Thasneem is an incredible cook, so we started a cooking business here in Ottawa. We've made a few contacts, shook a few hands, namaste'd a few South Asian business people, and even filled a few food orders. All well and good, but the problem is that we're now cooking from our home kitchen and we need to do everything we can to keep the odors of food out of our furniture, and the oil of cooking from bathing our new couches. I think we've succeed by the strategic placement of a floor fan near a window that goes out to the terrace. Winter should be fun.

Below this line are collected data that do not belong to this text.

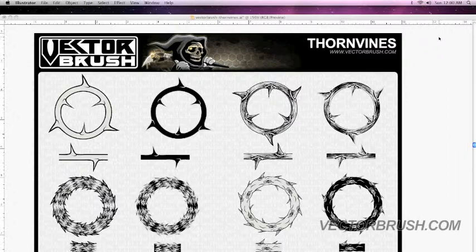A VectorBrush is different from a Photoshop brush — they serve a different purpose. A VectorBrush is basically a graphic pattern applied to a path. A path is basically a shape; it could be a square, a sphere, a star, whatever.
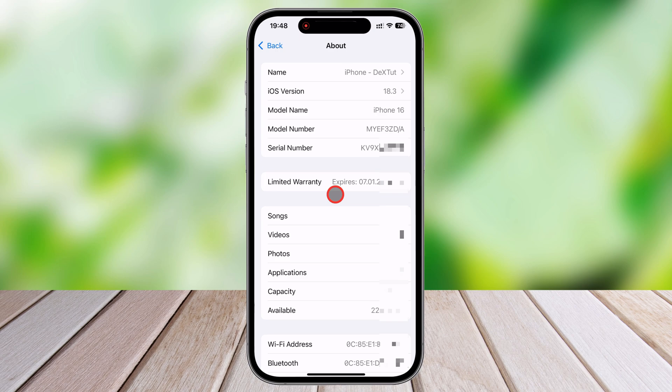If you ever need support from Apple or want to check your warranty status, the model number is one of the first things they will ask for. Additionally, Apple sometimes releases region-specific versions of the same iPhone model, meaning your device might have different features or network compatibility, depending on where it was originally sold.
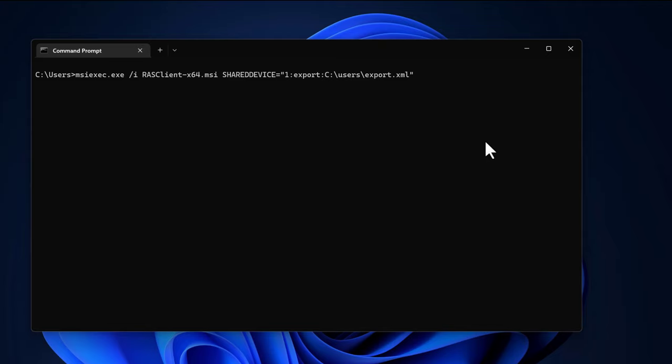The first step is to create an XML file containing the Parallels RAS connection settings you want to use. To create this file, open up the command prompt and point to the Parallels RAS client installation MSI and add the parameter shared device containing the export keyword followed by location where to save.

But a funny thing happened yesterday when we were heating the stove. I had a flashback to my days in Vietnam, in the war. There was the unmistakable smell of Pandemonium Red number 101--a spliff-filler so powerful, it could make a naked man charge an enemy tank and beat it with a stick. (Believe me, I know this.) I looked at Thasneem, knowing that she never even held a marijuana joint in her hand, and asked her where that fantastic odor was coming from--she was as clueless as me. It turns out, the house we bought was being rented out to college students prior to our moving in and the stove must have had some old seeds underneath the elements. (This also gave us some insight into the colours chosen for the washrooms.) We cleaned it out and, as it turned out, all is well, but oh, the flashbacks to more innocent times--a time of war and killing, a time to be young, and a time to smoke up.
But not me--I was a good Marine--I'd never smoke pot.